German open-ended Spezialfonds have drawn a record sum of €131bn in net inflows last year, out of a total inflows of €256bn, a new peak from the €128bn recorded in 2020, according to figures released yesterday by the Investment Funds Association BVI.
The fund industry is managing an all-time high €4.33trn in net assets after an “exceptional” 2021, BVI’s president Alexander Schindler said, up from €3.85trn in 2020.
Assets grew overall by more than 140% over the past 10 years, making Germany the largest fund market in the EU with a 27% share according to the European Central Bank.
BVI’s figures show that, of the total assets, €2.18trn is managed in open-ended Spezialfonds, which represent therefore the largest fund type in Germany, and €634bn is managed under discretionary mandates.
This means that nearly two thirds of total assets managed is owned by institutional investors including retirement benefit schemes or insurance companies, BVI noted.
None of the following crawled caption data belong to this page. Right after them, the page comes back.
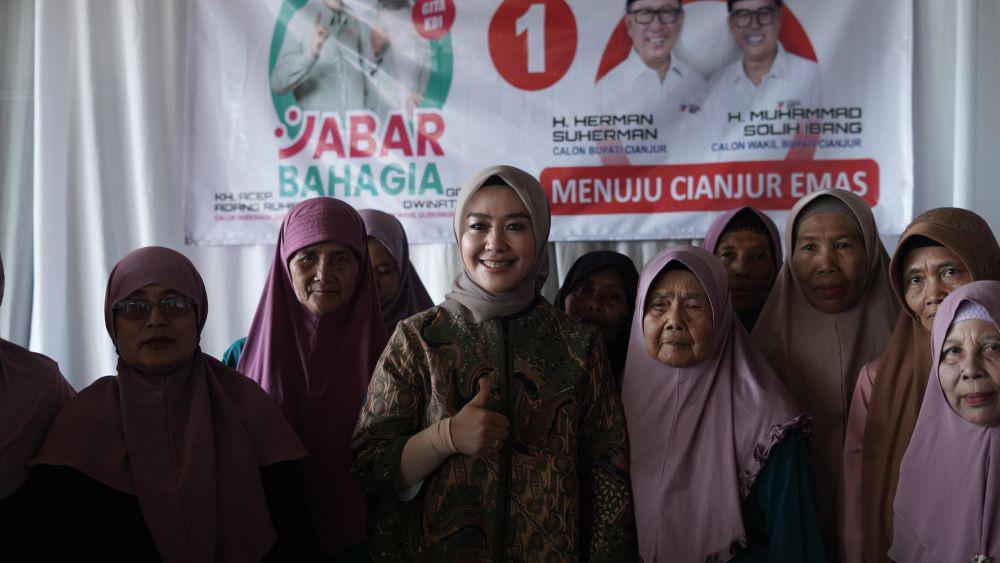 Komunitas Single Mom Cianjur Beri Dukungan untuk Gita KDI di Pilgub Jabar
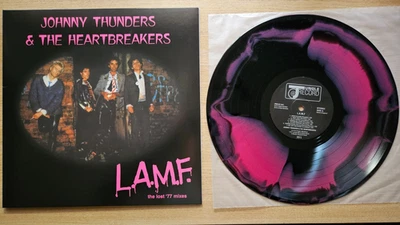 Johnny Thunders – L.A.M.F. (The Lost '77 Mixes)  Pink/Black Vinyl LP RSD 2015 NM Foto 1 de 4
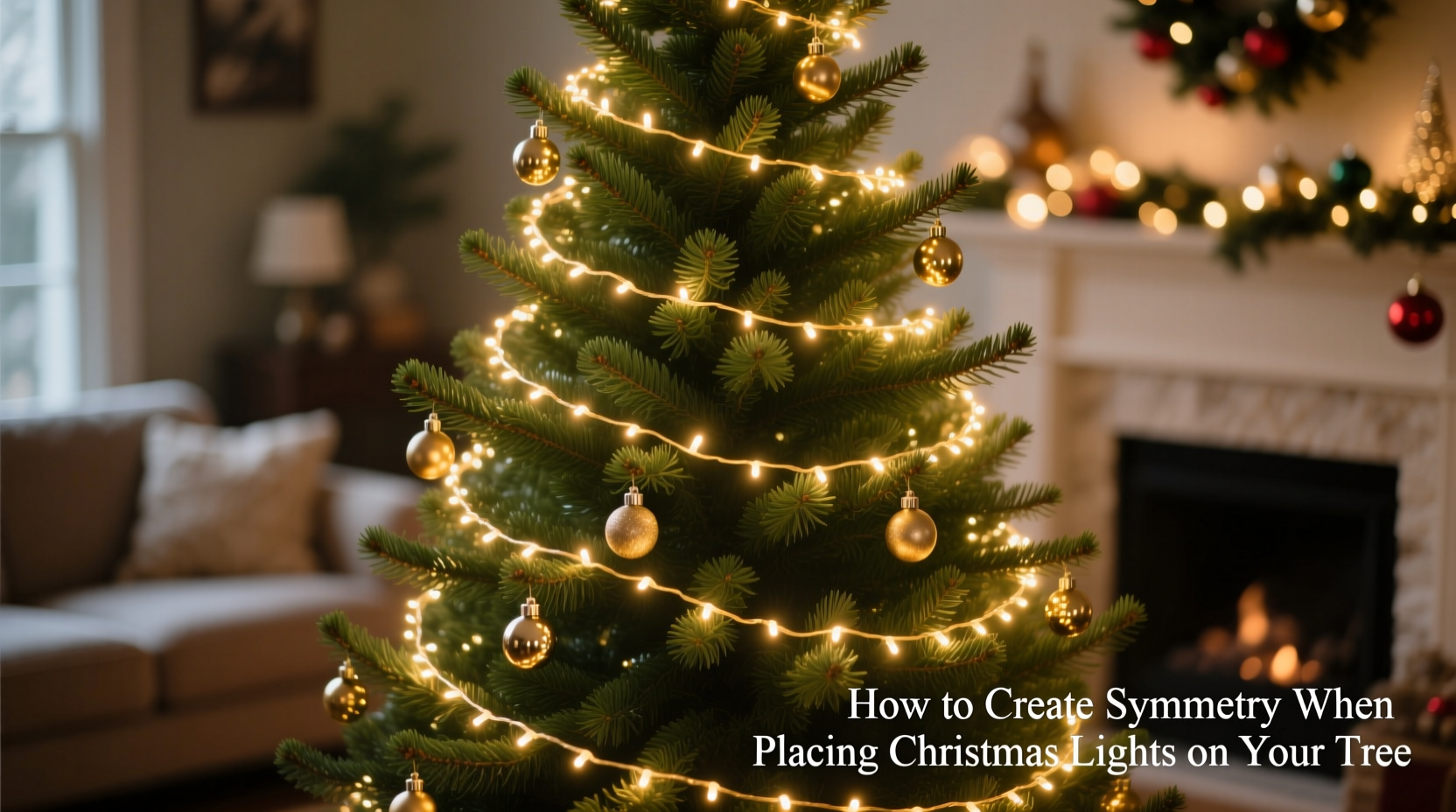 how to create symmetry when placing christmas lights on your tree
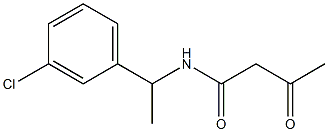 N-[1-(3-chlorophenyl)ethyl]-3-oxobutanamide Struktur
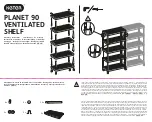 Preview for 2 page of Keter PLANET 90 VENTILATED SHELF Assembly Instructions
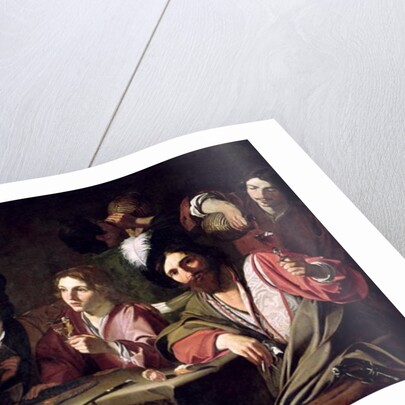 Meeting of Drinkers by Bartolomeo (after) Manfredi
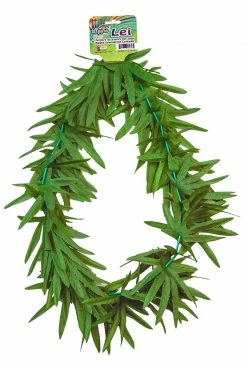 Spirit Halloween Hippie Weed Leaf Lei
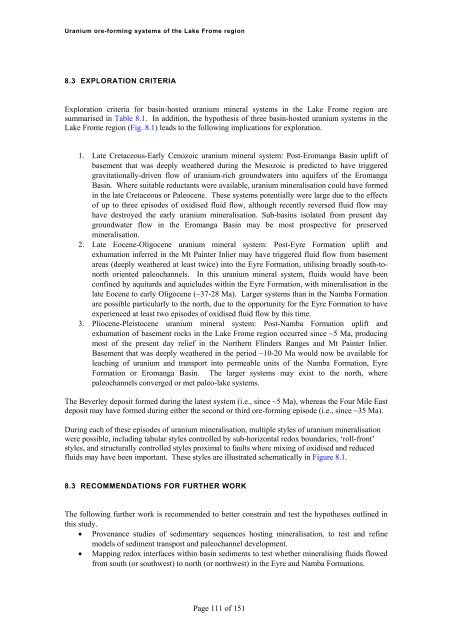 Uranium ore-forming systems of the - Geoscience Australia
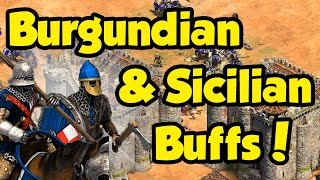 The upcoming changes to Burgundians and Sicilians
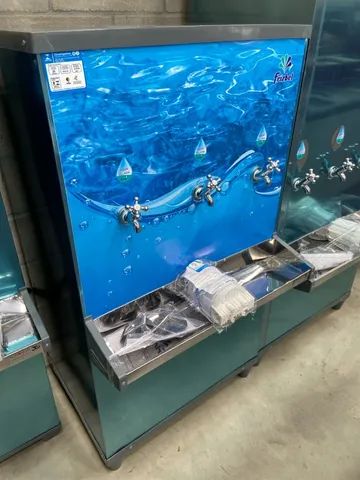 BEBEDOURO RESFRIADOR DE ÁGUA INDUSTRIAL 25 LITROS DE COLUNA - FRISBEL - Foto 3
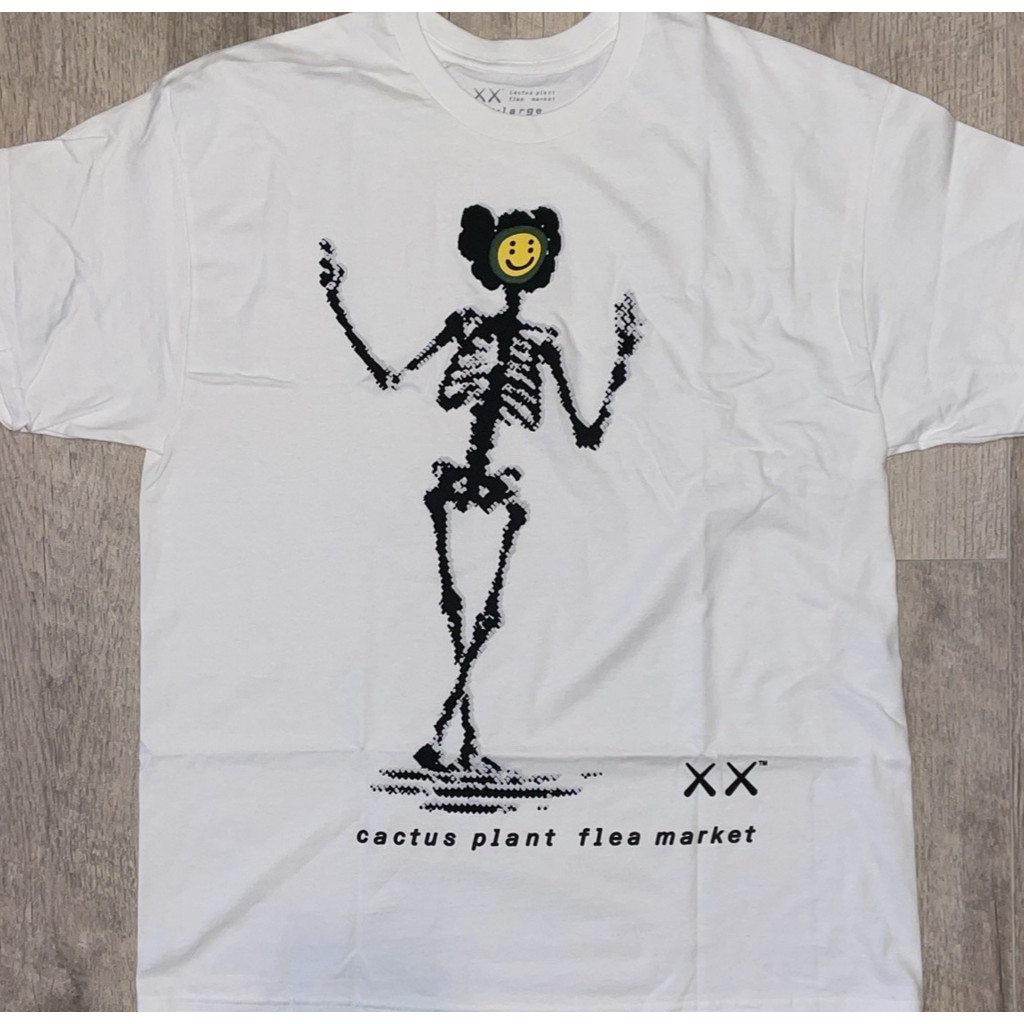 KAWS x Cactus Plant Flea Market Men Pattern T-Shirt Pure Cotton Printing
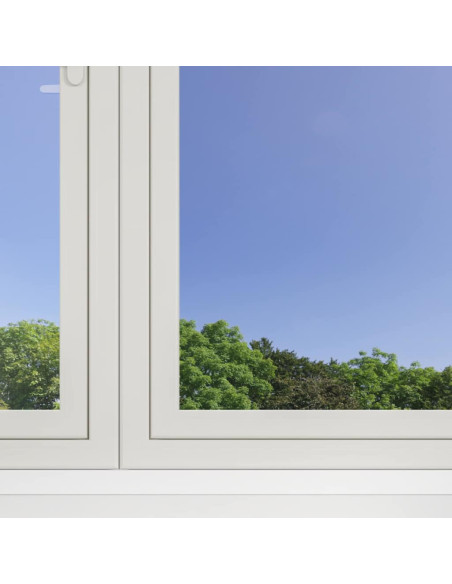 Pellicola per Finestra Solare Riflettente Statica Argento PVC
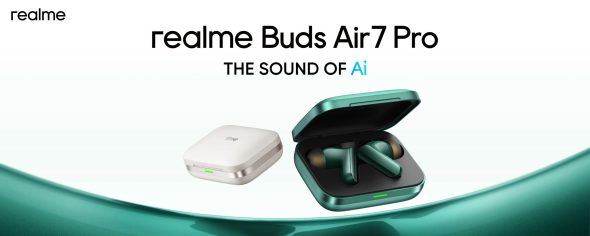 realme Launches Buds Air7 Pro and Magnetic Cooling Clip to Complement GT 7 Series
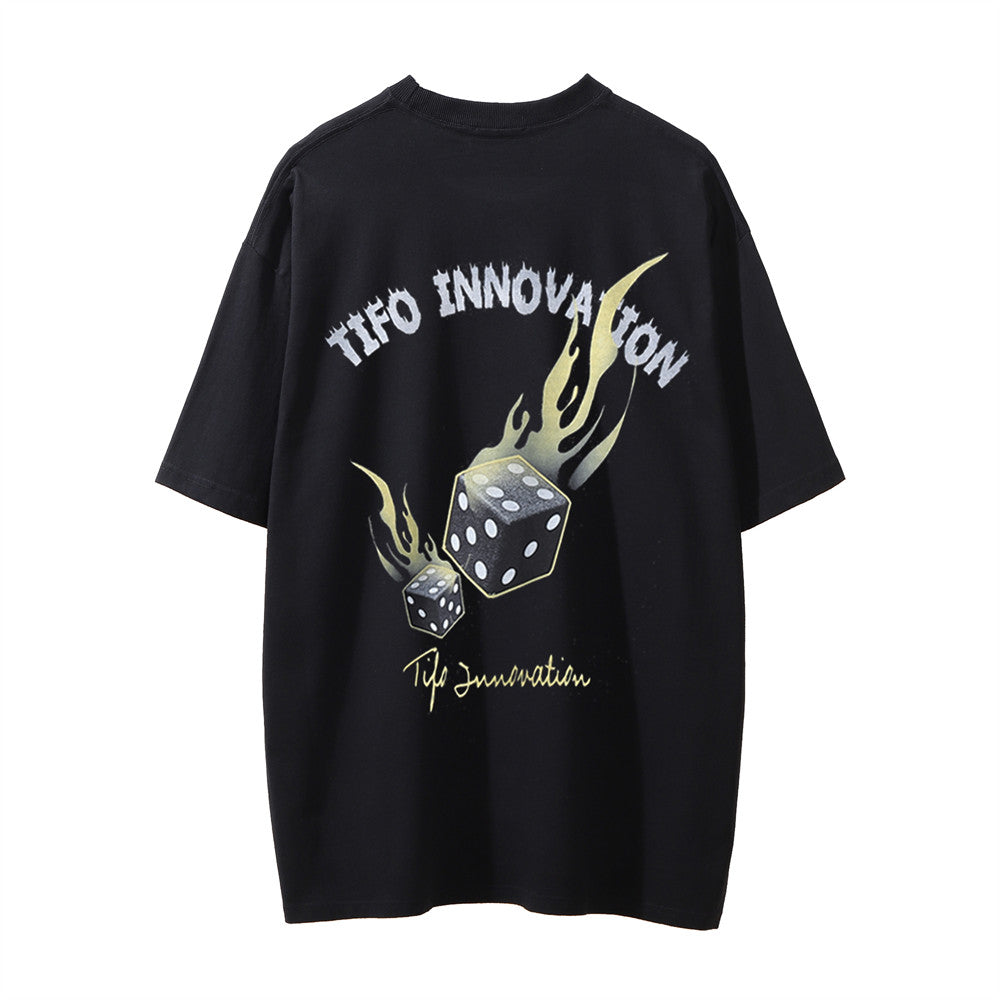 Camiseta estampada con dados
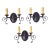 Vintage Bordeaux Bronze Rust Finish Wall Sconces - Set of 3 For Sale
The remaining €1.47bn is managed in open-ended retail funds and €41m in closed-ended funds.
The year-on-year increase in assets in closed-ended funds, from €29bn in 2020 to €41bn last year, signals the growing value of alternative asset classes, such as private equity and private debt, for institutional investors seeking opportunities of higher returns in private markets, it added.
Private equity funds increased their assets almost tenfold over the past three years to reach a level of €24bn, according to BVI.
The German fund industry is managing a total of €588bn in Spezialfonds and sustainable retail funds according to Article 8 or 9 of the EU Sustainable Finance Disclosure Regulation, and 16% of the assets in the funds is invested in products with sustainable characteristics.
EU taxonomy and pension reforms
Commenting on the EU taxonomy and the decision of the European Commission to include nuclear and natural gas as sustainable activities, BVI said that shareholders’ engagement guides companies with “poor sustainability scores” towards transforming their business models, therefore sustainable funds should be allowed to remain invested in such companies.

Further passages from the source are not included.